I have just finished re-reading Irving Stone’s historical novel, The Agony and the Ecstasy, on the life and times of Michelangelo.  It is a rousing and inspiring book, filled with personages of the Italian Renaissance in all their high aims, their passions, their wickedness, their love, their treacheries, their fast-bound friendships, their soaring genius, their failures.  Lorenzo the Magnificent is here, and the Platonic academy of scholars he gathered about him; the brilliant architect Bramante is here, filled with envy against his Florentine rival; sweet-tempered Raphael is here, and the vain and many-talented Leonardo, and friendly Ghirlandaio with his earthly imagination, and the elderly miniaturist Bertoldo passing on to the boy Michelangelo all that he had learned from Donatello. Popes are here, the pious and the worldly, ever-deceitful Alexander VI, warlike Julius II, fat and self-satisfied Leo X, ascetic Pius III, and more.

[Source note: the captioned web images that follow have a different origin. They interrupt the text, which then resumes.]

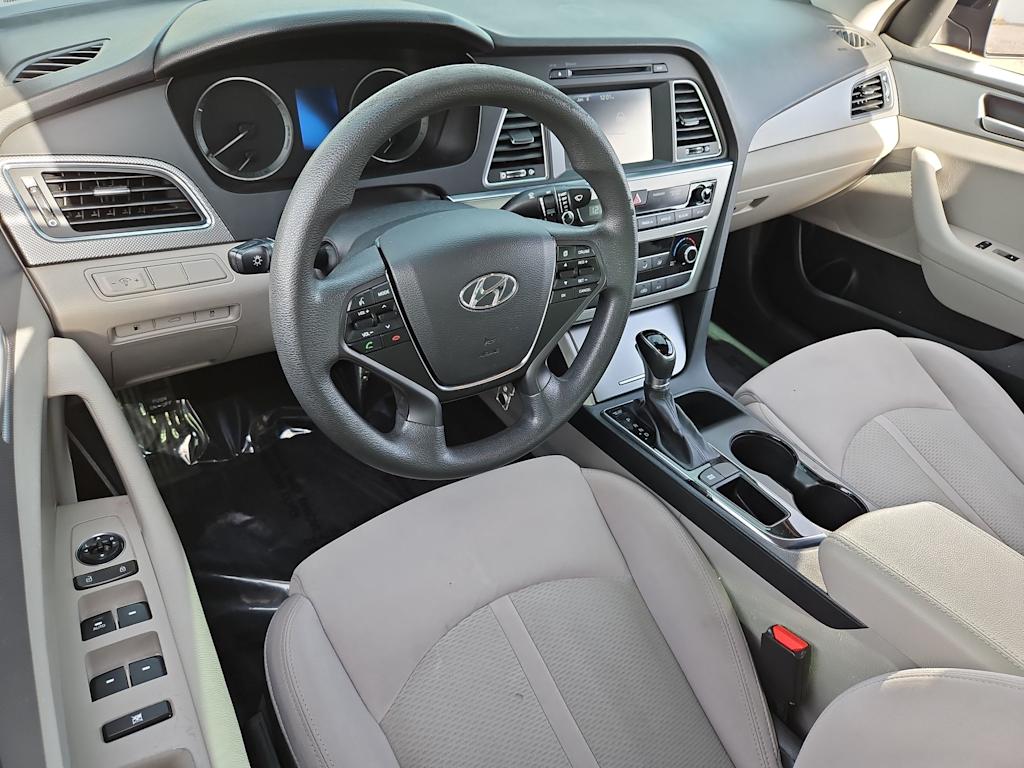 Thumbnail: 2017 Hyundai Sonata - 2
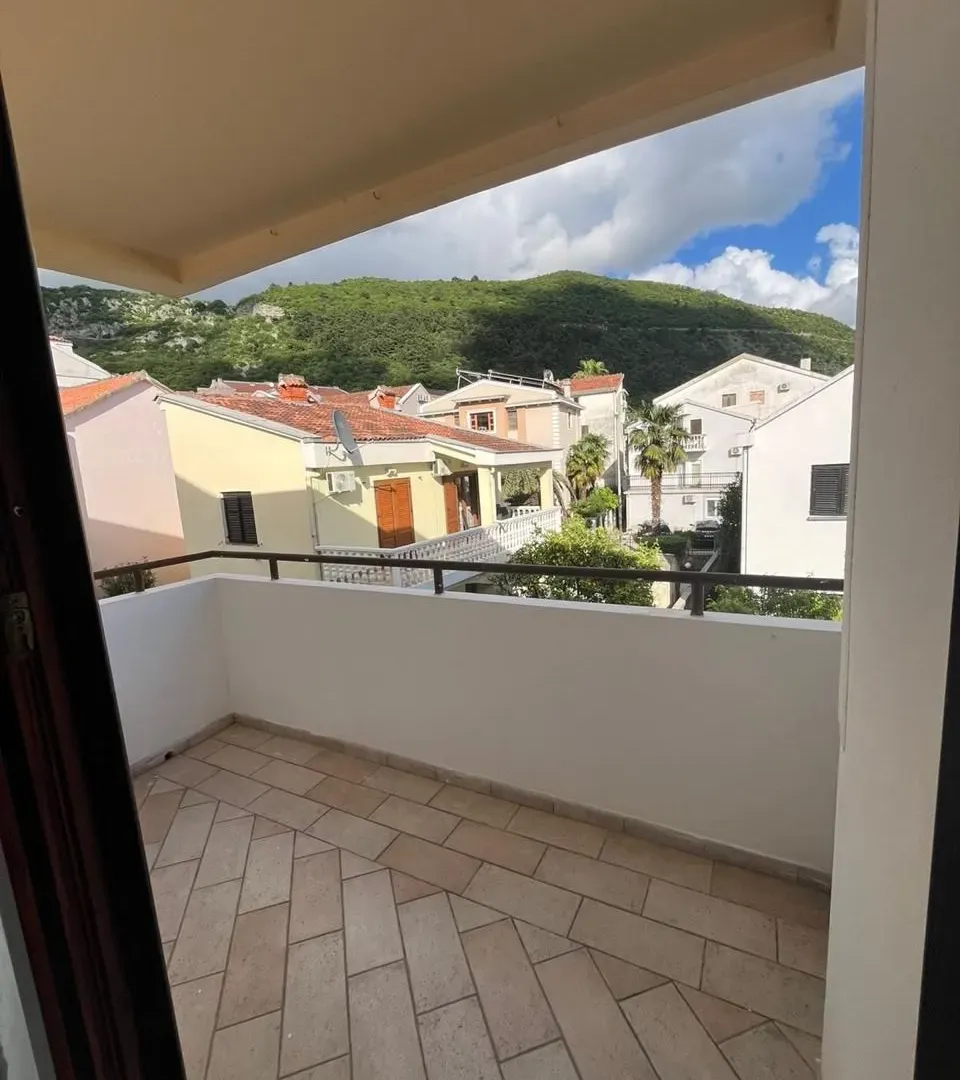 Sale, two bedroom apartment, 67m², Centar, Budva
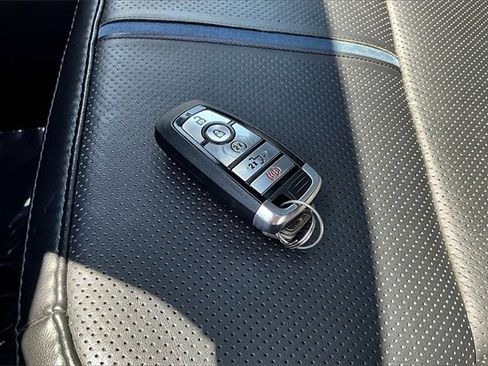 Used 2024 Ford F150 Platinum w/ Equipment Group 702A High image 10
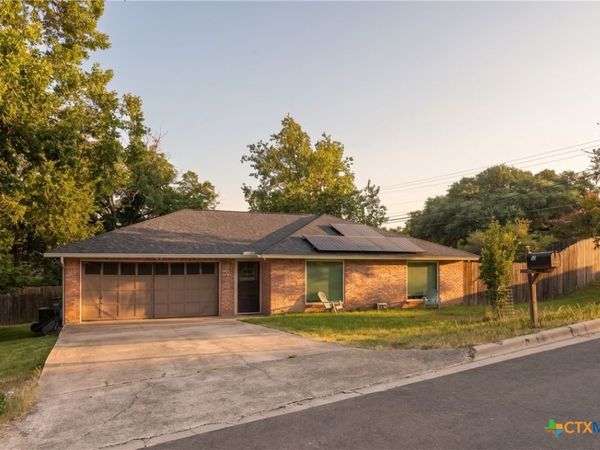 102 Chaparral Street , San Marcos, TX 78666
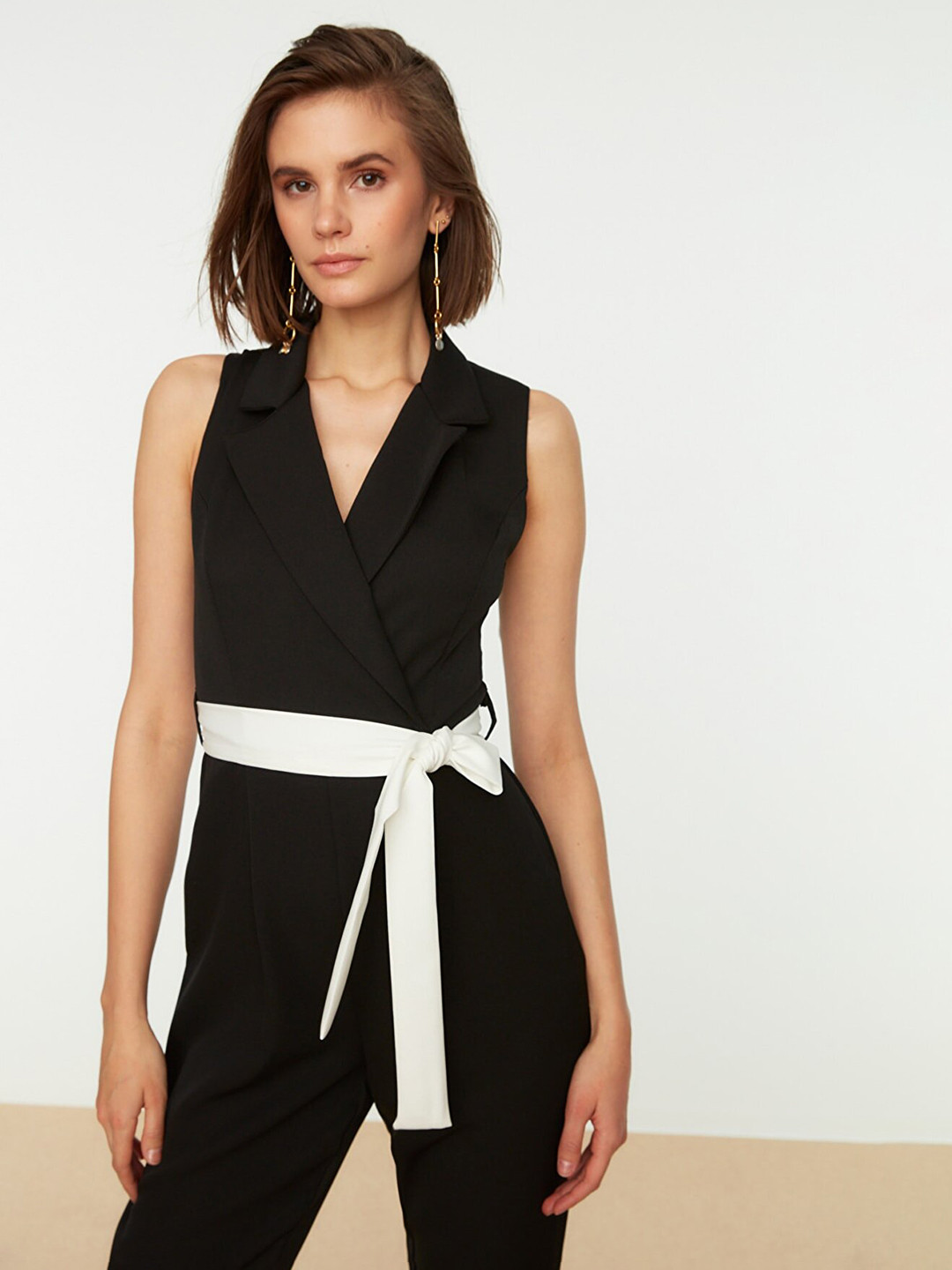 

Trendyol Black Basic Jumpsuit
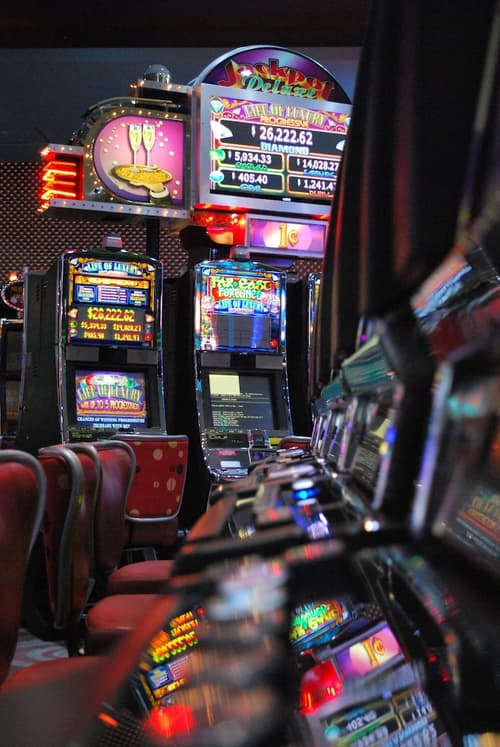 Platino Hotel & Casino, Casino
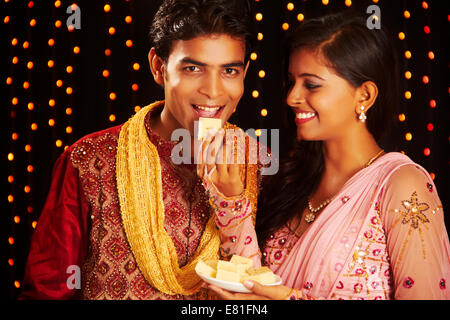 Couple indien Festival Diwali bonbons d'alimentation Banque D'Images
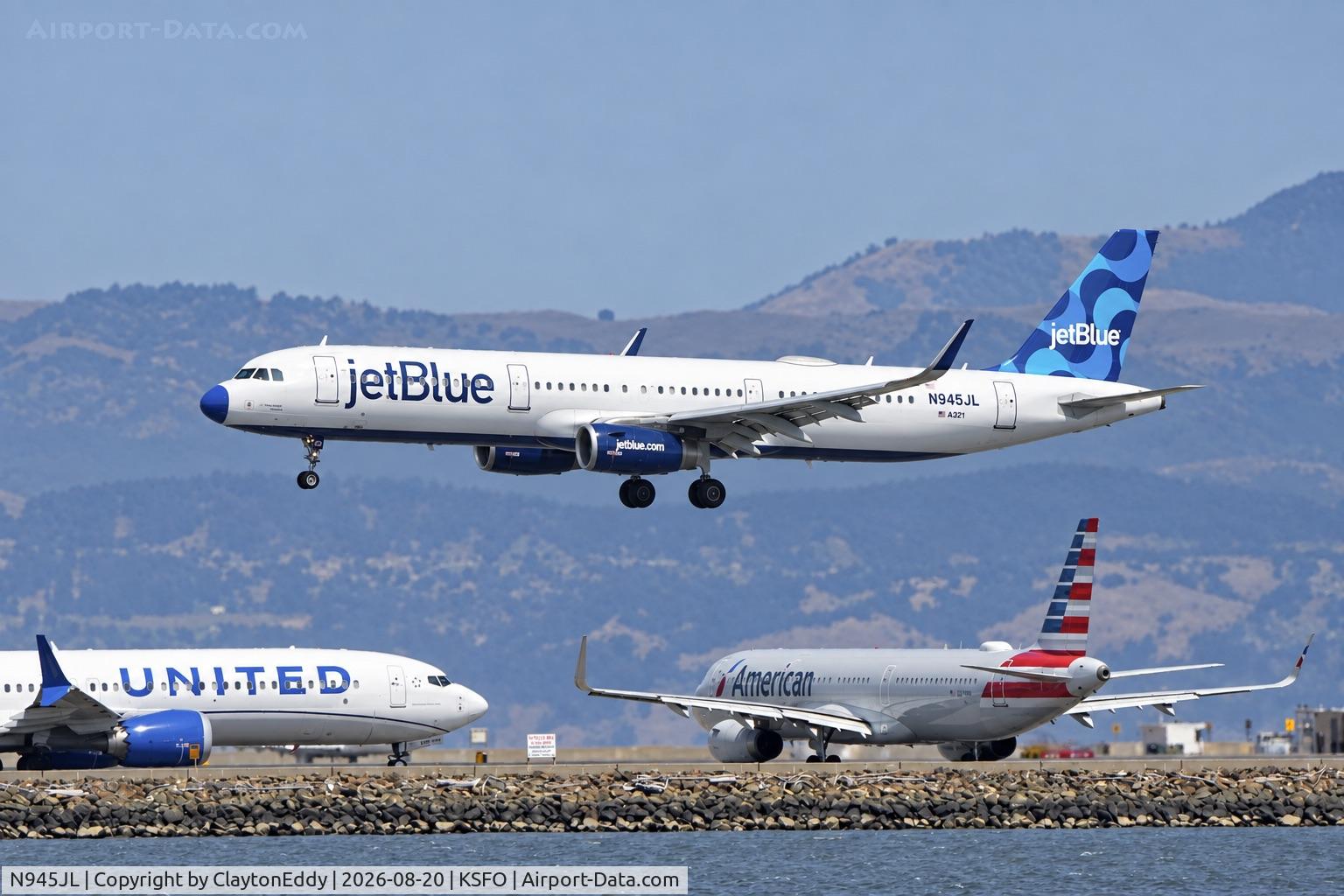 Aircraft N945JL, SFO 2026, at KSFO, photo by ClaytonEddy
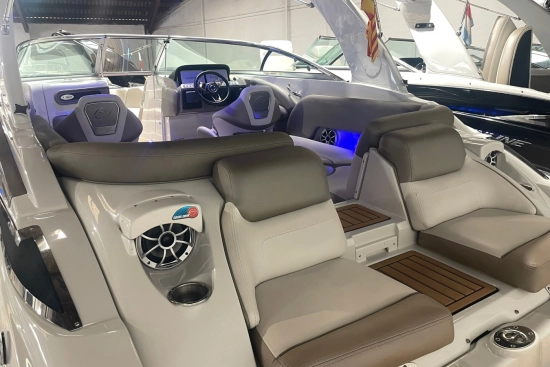 Crownline 270 SS usado à venda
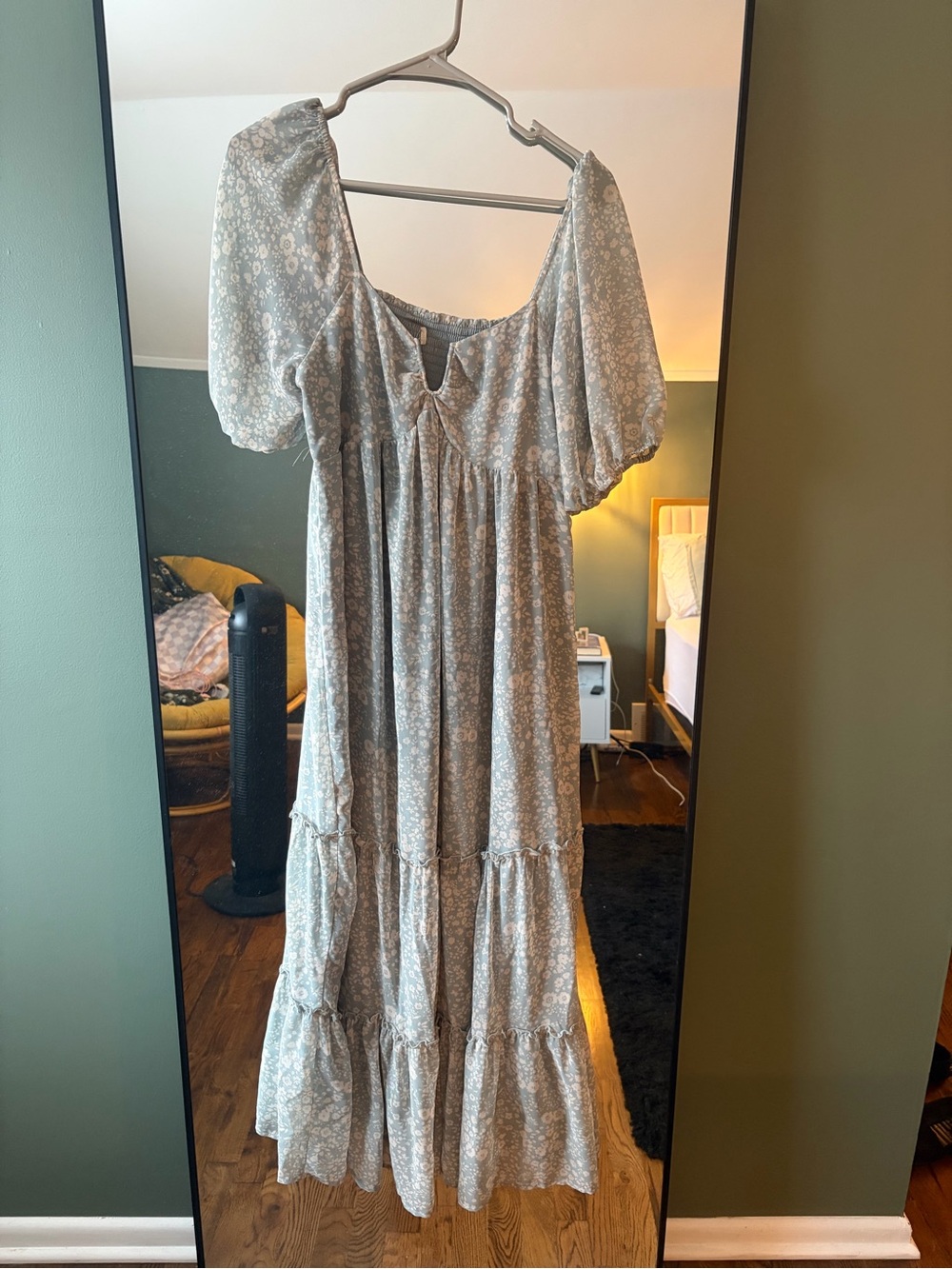 Source Unknown Pale Gray Floral Puff-Sleeve Tiered Maxi Dress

One of the most baleful developments in higher education, as I now see, is this dissociation of the mind from the hands.

Stone did an immense lot of research for the book, as his long bibliography attests, and his careful and accurate descriptions of places and objects, such as the marble quarries at Carrara and the mountain-faces nearby, and the peculiar character of the blocks that Michelangelo chose to work on.  The novel is sprinkled with many translations of Michelangelo’s poetry, quite well done, which Stone said he relied on assistants to produce, as also on others to translate for him various texts and letters written in Italian, French, and Latin.

In this way, The Agony and the Ecstasy resembles, in character though of course not in greatness, what Michelangelo and the other artists, architects, and scholars did.  They conceived of vast undertakings, which required comprehensive and acutely specific knowledge of many crafts, and teams of men subordinated both to the master and to the hierarchy of his near subordinates.

Even to cover a large wall with fresco painting, regardless of the quality of the work, was a huge project.  When Michelangelo was a boy apprenticed to Ghirlandaio, he had to learn how to mix and grind paints, how to prepare a wall for plastering, what recipes to use for the plaster under different conditions, how to draw up the huge sheets of cartoni, the “cartoons,” and to apply them to the walls as a guide, how to overlay one color with another to suggest depth and shading, and countless other tasks.  When, soon after, he got his first contracts for sculpture, he had to oversee the choice of the marble blocks, relying on expert stonecutters to sever them from the mountain and to transport them safely down.  He needed to build his own forge, requiring assistance from blacksmiths, because he fashioned his own chisels, punches, and files, made to specification according to the peculiarities of the work in hand.

He used assistants to purchase materials he needed, such as hundreds of pounds of wax for molding models of what he was going to sculpt.  When he worked in bronze, he needed experts in casting, bell-makers and cannon-makers, who could build controlled fires at extremely high temperatures to cause the metal to pour evenly into the mold.  He built his own scaffolding when he painted the Sistine ceiling, and the scaffold itself was a work of craftsmanship in carpentry and the balance of forces, so built as not to require iron poles as stabilizers punching holes in the ceiling itself and thus spoiling the whole.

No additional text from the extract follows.